The 53nd Annual Wallace Stevens Poetry Program with Carl Phillips at the Greater Hartford Academy of the Arts and the University of Connecticut
The University of Connecticut’s English Department and The Hartford are pleased to announce that Carl Phillips, the 53rd Annual Wallace Stevens Poet, will give two readings from his work, on March 22 and 23, 2016.
Mr. Phillips will read from his poems:
* At 7 p.m. on Tuesday, March 22 at the Konover Auditorium of the Dodd Center, 405 Babbidge Road on the UConn Storrs campus. Student winners of the Wallace Stevens Poetry Award will also be honored at the event. The reading will preceded by a reception starting at 6 p.m. in the lounge adjacent to the Konover Auditorium.
* And at 1:30 p.m. on Wednesday, March 23 at the CREC Greater Hartford Academy of the Arts at 15 Vernon Street in Hartford.
The readings and the reception are free and open to the public.
Described as “one of America’s most original, influential, and productive of lyric poets,” Carl Phillips is the author of over a dozen books of poetry, criticism, and translation. His most recent books of poetry include Reconnaissance (2015), Double Shadow (2011, winner of The Los Angeles Times Book Prize for Poetry and finalist for the National Book Award), and Speak Low (2009, finalist for the National Book Award). His work has been anthologized in The Vintage Book of Contemporary American Poetry (2003), The Vintage Book of African American Poetry (2000), and Gay and Lesbian Poetry in Our Time (1988). According to the Judges’ Citation for the 1998 National Book Awards, “Carl Phillips’s passionate and lyrical poems read like prayers, with a prayer’s hesitations, its desire to be utterly accurate, its occasional flowing outbursts.”
Phillips’s many honors include the Kingsley Tufts Poetry Award, a Lambda Literary Award, an Award in Literature from the American Academy of Arts and Letters, the Academy of American Poets Prize, induction into the American Academy of Arts and Sciences, and fellowships from the Guggenheim Foundation and the Library of Congress. Phillips served as a Chancellor of the Academy of American Poets from 2006 to 2012. He is Professor of English and of African and African American Studies at Washington University in St. Louis, where he also teaches in the Creative Writing Program.
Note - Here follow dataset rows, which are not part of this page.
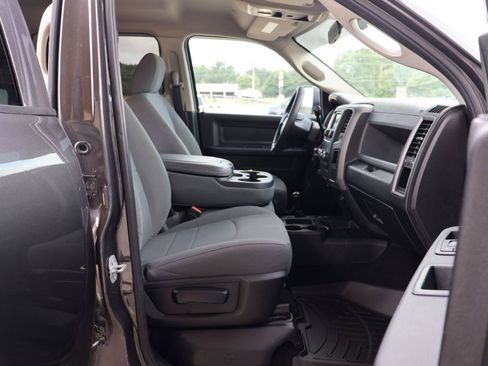 Used 2018 RAM 2500 Tradesman w/ Chrome Appearance Group AWD/4WD image 11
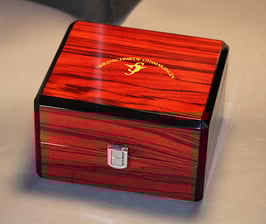 Uhrenbox JS Unikatuhren für eine Uhr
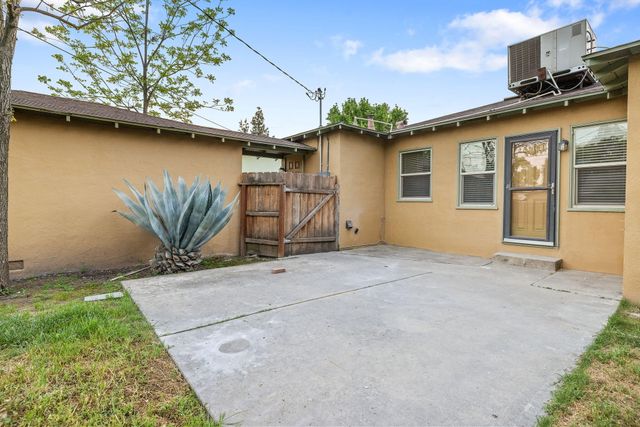 820 S Oak Park, Visalia, CA 93277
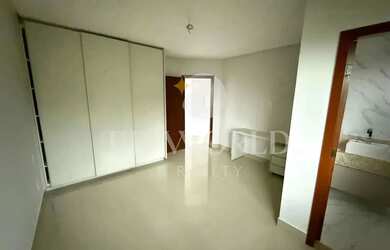 Imagem 3: Sobrado reformado com 4 suítes rico em armários, área de lazer no portal...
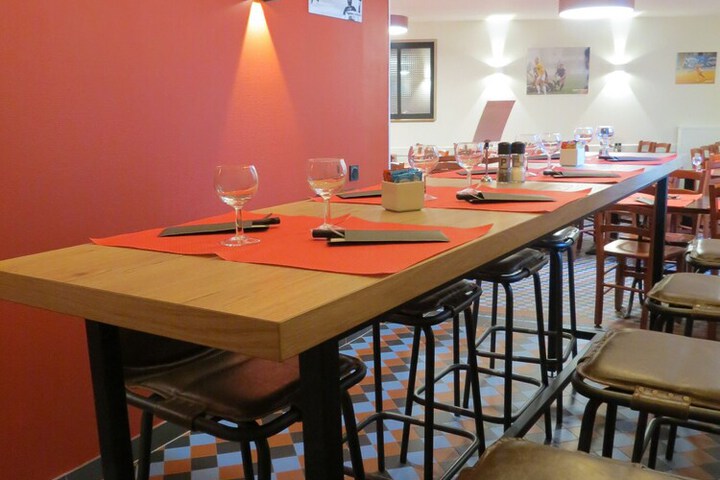 Dining 55 of 92
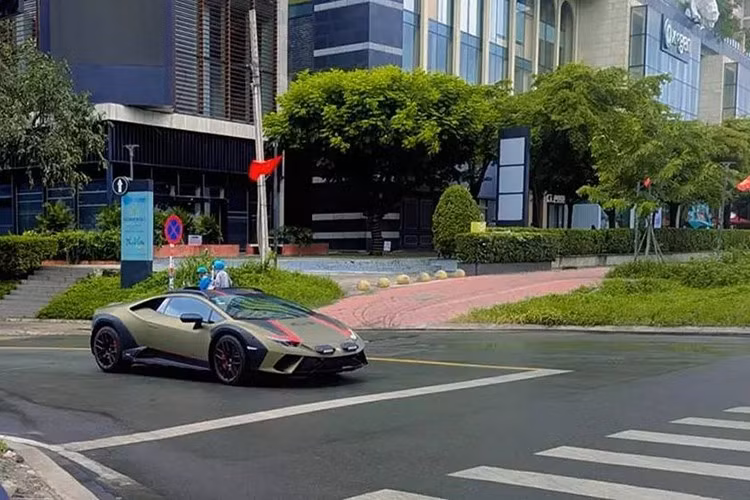 Dàn áo của Lamborghini Huracan Sterrato tại Việt Nam này thường thấy trên các dòng máy bay chiến đấu, cũng như từng là màu sơn thửa riêng cho dòng xe Avio, giới hạn 250 chiếc. Ngoài màu sắc đẹp mắt này ra, chiếc Lamborghini Huracan Sterrato này còn có nhiều chi tiết sơn đen.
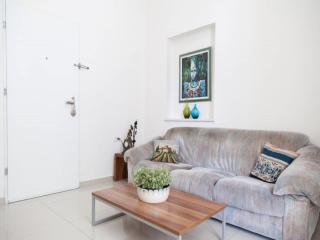 Beach Place Apartments - 8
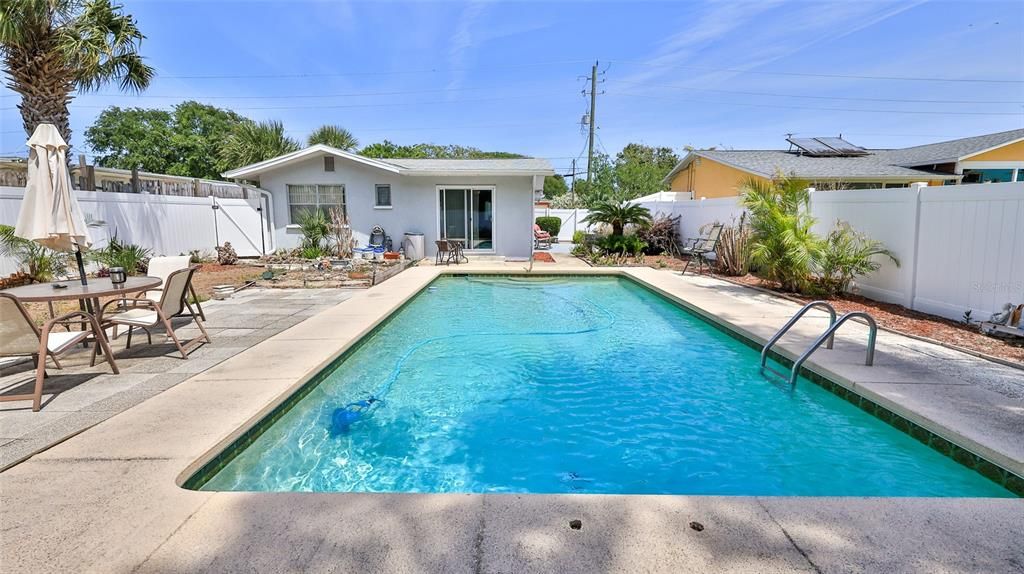 Activo con contrato: $299,000 (2 camas, 2 baños, 1436 Pies cuadrados)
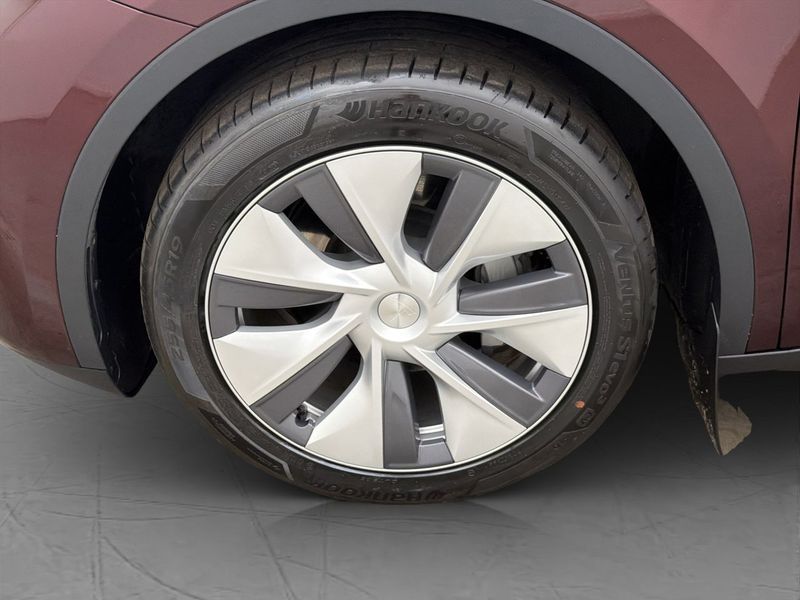Tesla Model Y bild 33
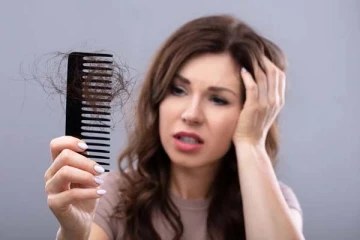 தலைமுடி அதிகமாக உதிர்கின்றதா? உங்க உணவில் இதெல்லாம் கட்டாயம் சேர்த்திடுங்க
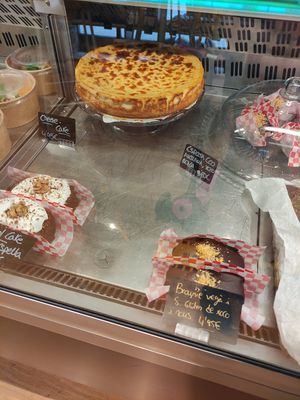 Carrot cake (vegan), brownie (vegan) and cheesecake (veggie) at Veggie's World in Andorra La Vella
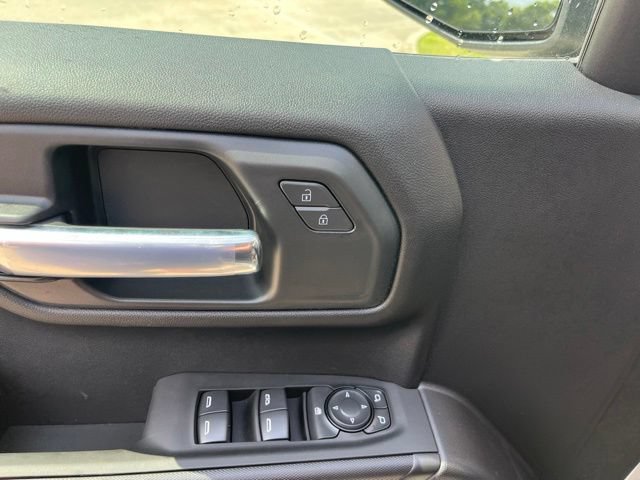 2026 Chevrolet Silverado 1500 Custom - Photo 16
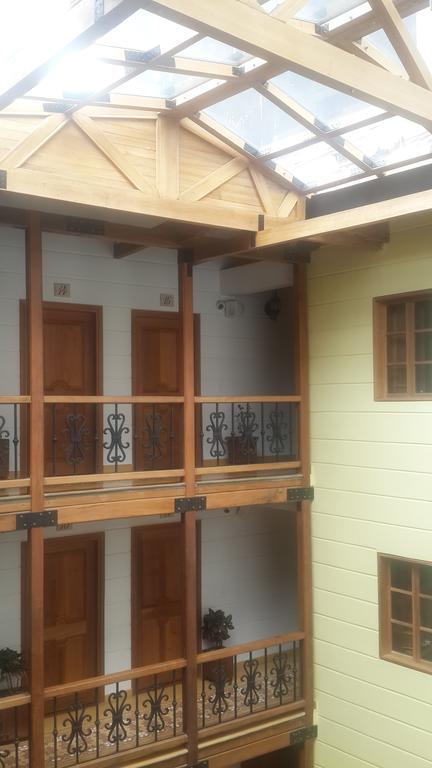Hotel Santa Lucia Boutique Spa ボゴタ エクステリア 写真 A typical balcony in the city of Salta.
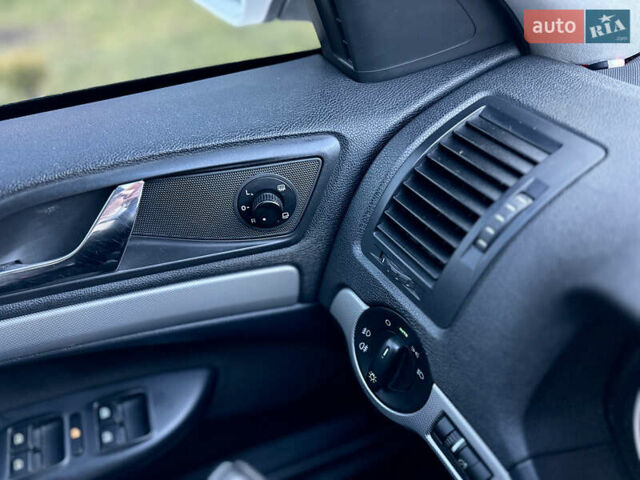 Белый Шкода Октавия, объемом двигателя 1.39 л и пробегом 275 тыс. км за 8200 $, фото 54 на Automoto.ua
The Wallace Stevens Poetry Program began in 1964 with funding from The Hartford to honor Modernist master poet Wallace Stevens, a former Vice President of The Hartford. In the last half century, the Program has brought a roster of the most important national and international poets to Connecticut. This year’s Program is sponsored by The Hartford, as well as the University of Connecticut’s English Department, Humanities Institute, and Creative Writing Program, all housed in the College of Liberal Arts and Sciences. Additional support is provided by the UConn Rainbow Center.